1. In this case a conditional decree for sale under the provisions of Section 83 of the Transfer of Property Act (Act IV of 1882) was passed in favour of one Bhagwan Das and his sister-in-law Musammat Kaunsilla jointly ; the time fixed for payment under the said decree expired on the 30th of October, 1906. Bhagwan Das died before any order absolute for sale was passed. On the 30th of April, 1909, Banwari Lal and another, sons of Bhagwan Das, presented the application out of which the present appeal has arisen. They ask for 'a decree absolute under Section 89 of Act No. IV of 1882,' after issue of notice both to the judgement-debtors and to the joint decree-holder, Musammat Kaunsilla. With reference to the latter they state that she had declined to join in the application, and they accordingly pray the Court to pass such orders as it may deem necessary for protecting her interests, in accordance with the provisions of Order XXI, Rule 15, of the Code of Civil Procedure. Now the said Code (Act V of 1908) had come into force on the first day of January, 1909, and by Section 156 of the said Code, sections 85 to 90 inclusive, of, the Transfer of Property Act (Act IV of 1882) are repealed. It was therefore impossible for the Court to give Bhagwan Das and his brother a decree absolute under Section 89 of the Transfer of Property Act,' so that the application of the 30th of April, 1909, was certainly irregular in form.

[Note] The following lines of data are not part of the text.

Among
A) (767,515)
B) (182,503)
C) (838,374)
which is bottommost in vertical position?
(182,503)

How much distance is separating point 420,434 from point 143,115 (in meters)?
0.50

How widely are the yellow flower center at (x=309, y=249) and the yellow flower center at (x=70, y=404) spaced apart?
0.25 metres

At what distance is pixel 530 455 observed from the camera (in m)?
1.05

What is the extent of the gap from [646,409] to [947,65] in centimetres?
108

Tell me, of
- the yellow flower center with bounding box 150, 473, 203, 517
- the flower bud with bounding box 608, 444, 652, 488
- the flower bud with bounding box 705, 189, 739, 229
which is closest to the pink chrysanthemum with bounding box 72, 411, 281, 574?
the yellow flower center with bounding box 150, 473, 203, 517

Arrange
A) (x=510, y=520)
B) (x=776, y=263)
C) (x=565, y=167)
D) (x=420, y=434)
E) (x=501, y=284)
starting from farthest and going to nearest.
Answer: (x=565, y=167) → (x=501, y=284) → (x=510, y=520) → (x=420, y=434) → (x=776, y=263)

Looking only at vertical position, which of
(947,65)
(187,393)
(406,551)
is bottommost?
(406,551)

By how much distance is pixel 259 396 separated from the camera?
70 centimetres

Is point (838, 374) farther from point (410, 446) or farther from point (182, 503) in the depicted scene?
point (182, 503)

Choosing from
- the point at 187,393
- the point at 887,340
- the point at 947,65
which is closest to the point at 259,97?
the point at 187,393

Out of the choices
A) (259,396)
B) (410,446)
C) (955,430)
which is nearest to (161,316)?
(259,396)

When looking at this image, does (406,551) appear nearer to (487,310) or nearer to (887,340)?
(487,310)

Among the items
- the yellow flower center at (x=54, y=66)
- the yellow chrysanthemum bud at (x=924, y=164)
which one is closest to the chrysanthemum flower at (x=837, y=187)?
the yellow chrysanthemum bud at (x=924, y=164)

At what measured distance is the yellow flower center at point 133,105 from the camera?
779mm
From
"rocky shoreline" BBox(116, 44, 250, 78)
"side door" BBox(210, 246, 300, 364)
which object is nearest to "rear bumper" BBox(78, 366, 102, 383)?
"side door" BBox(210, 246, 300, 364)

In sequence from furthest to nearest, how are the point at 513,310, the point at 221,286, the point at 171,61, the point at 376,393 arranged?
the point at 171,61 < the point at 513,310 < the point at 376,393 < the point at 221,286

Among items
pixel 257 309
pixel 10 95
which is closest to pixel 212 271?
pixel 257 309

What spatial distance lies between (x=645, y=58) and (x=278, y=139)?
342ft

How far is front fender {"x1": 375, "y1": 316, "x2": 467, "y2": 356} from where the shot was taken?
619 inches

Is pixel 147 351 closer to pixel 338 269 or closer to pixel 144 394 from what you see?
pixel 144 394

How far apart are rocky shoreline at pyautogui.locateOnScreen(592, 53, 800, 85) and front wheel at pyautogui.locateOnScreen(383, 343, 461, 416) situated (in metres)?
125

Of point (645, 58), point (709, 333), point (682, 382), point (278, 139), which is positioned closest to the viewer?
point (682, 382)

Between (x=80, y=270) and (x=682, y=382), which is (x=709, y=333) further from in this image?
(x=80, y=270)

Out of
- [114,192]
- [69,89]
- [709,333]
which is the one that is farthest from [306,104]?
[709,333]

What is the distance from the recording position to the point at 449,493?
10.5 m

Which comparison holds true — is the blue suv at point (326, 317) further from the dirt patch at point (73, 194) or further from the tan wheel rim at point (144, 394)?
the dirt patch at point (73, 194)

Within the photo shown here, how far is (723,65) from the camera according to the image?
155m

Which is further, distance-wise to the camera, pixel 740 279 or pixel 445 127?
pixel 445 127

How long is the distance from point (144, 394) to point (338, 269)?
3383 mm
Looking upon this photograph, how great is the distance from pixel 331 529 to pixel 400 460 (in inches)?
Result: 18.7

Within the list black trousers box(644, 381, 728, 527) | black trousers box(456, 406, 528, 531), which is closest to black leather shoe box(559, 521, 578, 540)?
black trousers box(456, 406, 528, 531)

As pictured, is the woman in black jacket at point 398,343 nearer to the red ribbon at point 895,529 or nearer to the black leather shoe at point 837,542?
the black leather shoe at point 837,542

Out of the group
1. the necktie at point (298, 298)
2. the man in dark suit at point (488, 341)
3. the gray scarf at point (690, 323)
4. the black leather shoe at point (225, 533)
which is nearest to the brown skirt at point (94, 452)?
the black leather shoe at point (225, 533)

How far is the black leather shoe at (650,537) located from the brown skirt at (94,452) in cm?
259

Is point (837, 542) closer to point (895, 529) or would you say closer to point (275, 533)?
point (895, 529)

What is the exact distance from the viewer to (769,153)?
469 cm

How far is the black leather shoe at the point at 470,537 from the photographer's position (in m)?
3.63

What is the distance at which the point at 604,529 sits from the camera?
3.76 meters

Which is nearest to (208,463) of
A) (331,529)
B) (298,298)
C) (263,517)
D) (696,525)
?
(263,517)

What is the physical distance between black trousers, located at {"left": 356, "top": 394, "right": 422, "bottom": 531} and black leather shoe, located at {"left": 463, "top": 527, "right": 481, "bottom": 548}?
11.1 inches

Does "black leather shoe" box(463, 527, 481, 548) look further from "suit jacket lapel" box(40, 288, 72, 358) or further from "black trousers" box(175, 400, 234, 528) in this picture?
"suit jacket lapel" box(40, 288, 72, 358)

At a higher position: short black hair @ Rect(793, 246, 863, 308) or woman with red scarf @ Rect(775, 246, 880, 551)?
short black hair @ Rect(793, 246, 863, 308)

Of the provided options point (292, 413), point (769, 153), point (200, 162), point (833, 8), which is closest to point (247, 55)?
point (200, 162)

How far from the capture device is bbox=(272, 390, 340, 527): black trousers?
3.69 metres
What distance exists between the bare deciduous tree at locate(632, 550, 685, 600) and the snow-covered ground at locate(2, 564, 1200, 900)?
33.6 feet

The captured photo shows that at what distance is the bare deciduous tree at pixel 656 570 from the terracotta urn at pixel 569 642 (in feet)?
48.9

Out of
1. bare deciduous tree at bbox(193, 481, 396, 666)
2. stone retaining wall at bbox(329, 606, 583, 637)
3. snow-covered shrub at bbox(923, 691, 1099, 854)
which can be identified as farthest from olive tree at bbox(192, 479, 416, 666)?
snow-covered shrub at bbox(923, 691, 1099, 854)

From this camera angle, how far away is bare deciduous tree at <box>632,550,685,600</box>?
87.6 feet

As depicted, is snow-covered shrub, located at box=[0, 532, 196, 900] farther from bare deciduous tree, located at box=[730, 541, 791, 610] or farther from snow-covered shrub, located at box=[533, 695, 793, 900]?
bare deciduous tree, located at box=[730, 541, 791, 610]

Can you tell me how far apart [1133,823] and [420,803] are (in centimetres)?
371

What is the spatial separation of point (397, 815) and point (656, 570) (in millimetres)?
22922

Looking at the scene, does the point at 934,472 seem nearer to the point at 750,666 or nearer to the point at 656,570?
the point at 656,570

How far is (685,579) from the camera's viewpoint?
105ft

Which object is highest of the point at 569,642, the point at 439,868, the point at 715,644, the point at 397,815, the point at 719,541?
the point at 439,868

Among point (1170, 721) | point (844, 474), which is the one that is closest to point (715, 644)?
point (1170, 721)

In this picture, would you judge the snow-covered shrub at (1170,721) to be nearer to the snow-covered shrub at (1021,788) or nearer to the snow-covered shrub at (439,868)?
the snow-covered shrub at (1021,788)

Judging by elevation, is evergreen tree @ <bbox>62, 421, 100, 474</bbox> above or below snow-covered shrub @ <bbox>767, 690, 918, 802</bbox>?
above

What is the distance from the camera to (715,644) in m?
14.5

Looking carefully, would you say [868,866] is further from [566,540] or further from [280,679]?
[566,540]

This point, however, was never taken by the judgement-debtors They put in a petition of objection contesting the application on various grounds; but they never took the point that the matter was not one in respect of which an application in execution could be made, and the case is now before us as an 'Execution Second Appeal.' The joint decree-' holder, Musammat Kaunsilla, has put in no appearance, the case has been contested by the judgement-debtors only, and it is they who are now appellants before this Court. Of the various points raised by them in their petition of objection most have been concluded against them by the findings of the lower appellate court, and are not now before us. The memorandum of appeal to this Court contains three paragraphs, but the second and third are merely arguments in support of the plea taken in the first. This runs as follows:
Because the court below has erred in holding that one out of two plaintiffs in a mortgage suit is entitled to obtain a decree absolute for sale.
2. As put before us in argument this plea involves three propositions of law:
(i) That the holder of a decree for sale passed under the provisions of Section 88 of the Transfer of Property Act (Act IV of 1882), who had not yet obtained an order absolute for sale under Section 89 of the said Act at the time when both sections were repealed by the passing of the new Code of Civil Procedure (Act V of 1908), cannot execute his decree without first obtaining a 'final decree' in the suit itself under the provisions of Order XXXIV, Rule 5, of the said Code.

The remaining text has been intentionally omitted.